• **What is being asked**
Give again, word for word, every line below from the one that has "Commercial house hotel" through the one that has "Scripture Walls Inspirational", both included, and no others.

• **Supplied data**
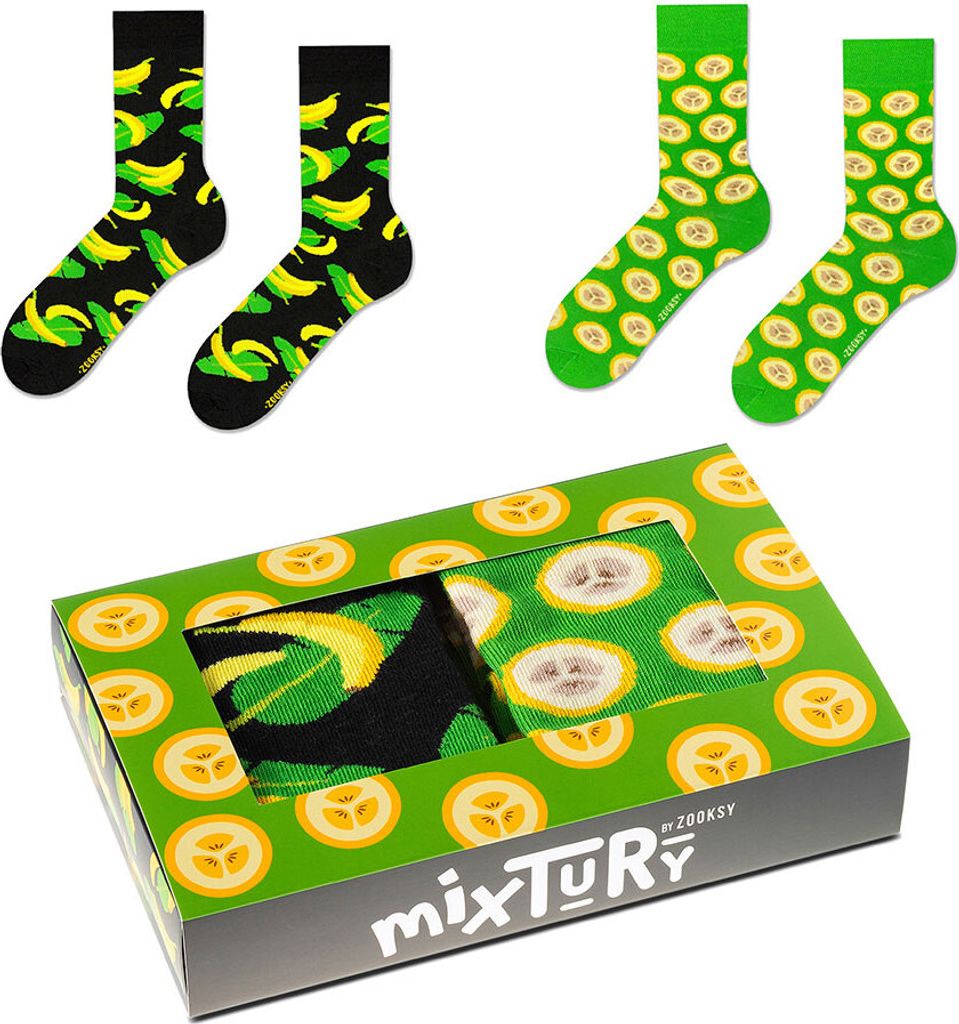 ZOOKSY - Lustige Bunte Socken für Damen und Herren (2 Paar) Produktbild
* * *
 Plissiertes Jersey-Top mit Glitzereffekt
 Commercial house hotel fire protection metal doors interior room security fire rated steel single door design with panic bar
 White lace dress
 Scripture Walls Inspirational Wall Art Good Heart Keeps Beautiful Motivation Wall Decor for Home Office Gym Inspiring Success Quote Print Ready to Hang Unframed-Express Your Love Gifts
* * *
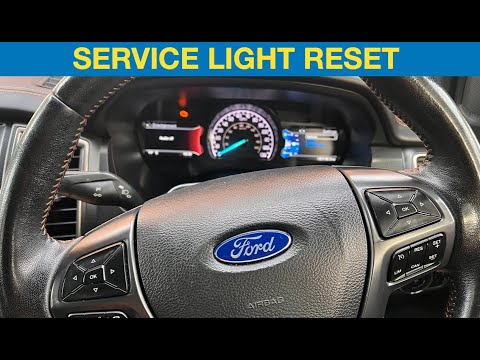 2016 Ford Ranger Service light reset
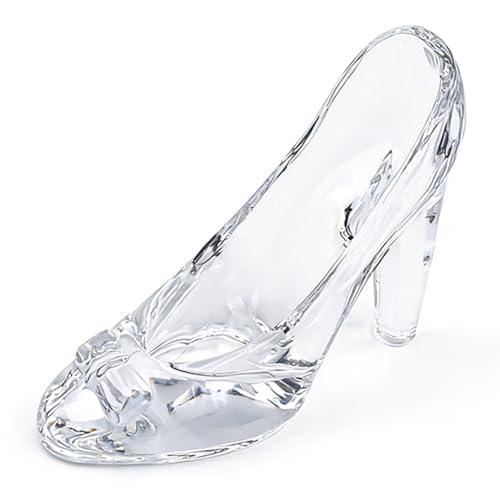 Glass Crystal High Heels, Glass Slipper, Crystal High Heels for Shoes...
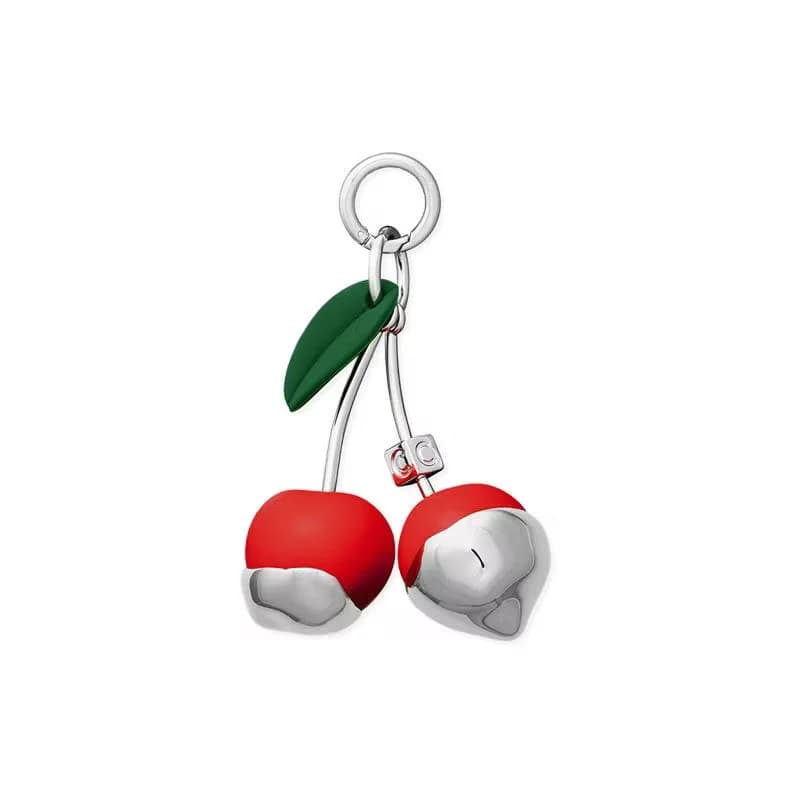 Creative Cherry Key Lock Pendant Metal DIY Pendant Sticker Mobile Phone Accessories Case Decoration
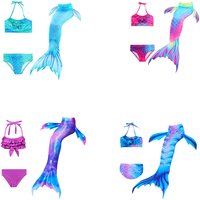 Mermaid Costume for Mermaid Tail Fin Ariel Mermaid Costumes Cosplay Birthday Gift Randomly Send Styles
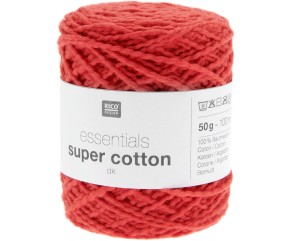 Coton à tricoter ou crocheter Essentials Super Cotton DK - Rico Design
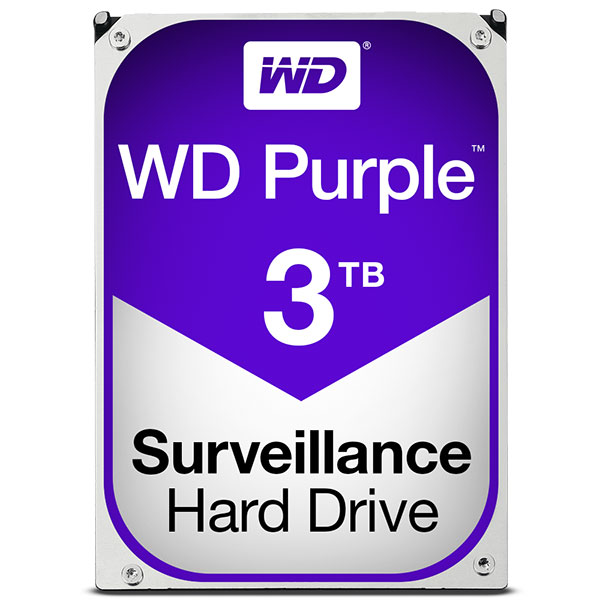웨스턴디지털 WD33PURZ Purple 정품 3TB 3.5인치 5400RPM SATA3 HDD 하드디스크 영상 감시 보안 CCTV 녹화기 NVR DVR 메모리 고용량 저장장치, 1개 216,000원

• **Solution**
 Commercial house hotel fire protection metal doors interior room security fire rated steel single door design with panic bar
 White lace dress
 Scripture Walls Inspirational Wall Art Good Heart Keeps Beautiful Motivation Wall Decor for Home Office Gym Inspiring Success Quote Print Ready to Hang Unframed-Express Your Love Gifts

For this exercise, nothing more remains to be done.